Its signatories include Greg Dyke, former director general of the BBC,Caroline Lucas, the only Green MP who is also her party's leader, and the civil liberties campaigner and Labour peer Lady Kennedy. Guardian columnists Polly Toynbee and Madeleine Bunting have also signed the declaration.
Launched by Neal Lawson, a former adviser to Gordon Brown who chairs the left of centre Compass group, the group says that decisive action is needed to wrest power back from a small elite.
"Something is unravelling before our eyes," the group says. "From bankers to media barons, private interests have bankrupted and corrupted the public realm. Power, for so long hidden in the pockets of a cosy elite, has been exposed. Those who wield it have been found wanting - in scruples, in morals and in decency."
The group says that the three crises - MPs' expenses, bankers' bonuses and illegal phone hacking - share common origins. "Politicians, bankers and media moguls ... share a common culture in which greed is good, everyone takes their turn at the trough, and private interest takes precedence over the public good."
In a Guardian article, the authors of the declaration warn of a "feral" elite. Lawson and Andrew Simms, fellow at the New Economics Foundation, write: "With no pressure for higher ethical standards, the new all-powerful elites were like kids left free in the sweetshop, going feral as they lost all self-control and all touch with society."

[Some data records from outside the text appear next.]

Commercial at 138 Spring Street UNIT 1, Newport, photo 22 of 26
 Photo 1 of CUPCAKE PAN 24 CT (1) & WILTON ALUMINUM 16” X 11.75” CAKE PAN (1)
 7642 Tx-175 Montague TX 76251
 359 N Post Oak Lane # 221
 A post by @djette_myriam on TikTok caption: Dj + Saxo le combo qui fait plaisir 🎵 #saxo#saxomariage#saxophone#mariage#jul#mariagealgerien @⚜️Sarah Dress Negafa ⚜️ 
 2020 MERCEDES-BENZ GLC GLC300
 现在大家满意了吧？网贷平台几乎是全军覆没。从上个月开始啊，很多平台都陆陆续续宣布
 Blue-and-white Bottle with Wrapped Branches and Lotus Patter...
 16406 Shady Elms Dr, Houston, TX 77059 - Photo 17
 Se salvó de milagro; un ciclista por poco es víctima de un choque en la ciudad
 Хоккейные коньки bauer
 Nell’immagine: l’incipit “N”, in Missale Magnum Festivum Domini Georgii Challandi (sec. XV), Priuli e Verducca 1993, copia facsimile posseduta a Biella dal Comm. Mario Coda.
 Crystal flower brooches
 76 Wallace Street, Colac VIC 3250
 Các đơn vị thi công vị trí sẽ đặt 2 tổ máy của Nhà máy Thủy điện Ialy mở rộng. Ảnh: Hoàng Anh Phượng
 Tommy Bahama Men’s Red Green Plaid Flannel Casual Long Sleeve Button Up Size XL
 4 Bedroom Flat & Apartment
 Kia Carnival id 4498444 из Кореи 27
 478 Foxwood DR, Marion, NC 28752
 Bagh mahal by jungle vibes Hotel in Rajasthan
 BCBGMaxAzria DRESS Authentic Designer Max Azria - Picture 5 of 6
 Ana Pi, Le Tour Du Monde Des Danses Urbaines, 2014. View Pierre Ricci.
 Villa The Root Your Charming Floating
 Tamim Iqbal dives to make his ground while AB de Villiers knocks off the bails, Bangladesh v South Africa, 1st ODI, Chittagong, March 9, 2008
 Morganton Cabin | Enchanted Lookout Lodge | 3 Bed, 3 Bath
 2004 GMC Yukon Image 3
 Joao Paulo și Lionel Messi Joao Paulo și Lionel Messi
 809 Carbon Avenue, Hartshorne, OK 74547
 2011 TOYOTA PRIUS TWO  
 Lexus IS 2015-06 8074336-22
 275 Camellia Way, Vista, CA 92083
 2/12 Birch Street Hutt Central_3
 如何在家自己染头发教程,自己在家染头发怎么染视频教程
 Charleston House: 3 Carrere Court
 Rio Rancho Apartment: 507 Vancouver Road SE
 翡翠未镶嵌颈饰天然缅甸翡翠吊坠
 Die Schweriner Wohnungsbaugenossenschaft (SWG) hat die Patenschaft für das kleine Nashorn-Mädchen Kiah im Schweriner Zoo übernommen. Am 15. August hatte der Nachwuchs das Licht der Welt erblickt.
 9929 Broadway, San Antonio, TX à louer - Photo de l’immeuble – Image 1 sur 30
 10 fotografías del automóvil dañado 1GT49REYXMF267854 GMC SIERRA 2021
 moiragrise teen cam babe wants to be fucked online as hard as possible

The group says that 1,000 citizens should be selected at random to sit on a public jury that will propose reforms to banking, politics. The jury, to be funded from the public purse, would examine:
• Media ownership.
• The financial sector's role in the crash.
• MP selections and accountability.
• Policing and public interest.
• How to apply a "public interest first" test more generally to British political and corporate life.
The declaration's main critique of Britain - that power is concentrated in the hands of a small elite - echoes the thinking of Ed Miliband. The Labour leader, who has been praised for shaping the public response to the phone-hacking scandal, recently said that too much power in the media and other industries is concentrated in the hands of too few people.
"The powerful are very good at talking about the responsibilities of the powerless but they aren't very good at looking at their own responsibilities," Miliband told the Times on 23 July as he called for the "big six" energy companies to be broken up. "Labour is the party of the grafters, the people who work hard and do the decent thing but don't feel they get a very fair deal out of society."The declaration is also signed by Lord Wood, an Oxford don who is a senior adviser to Miliband.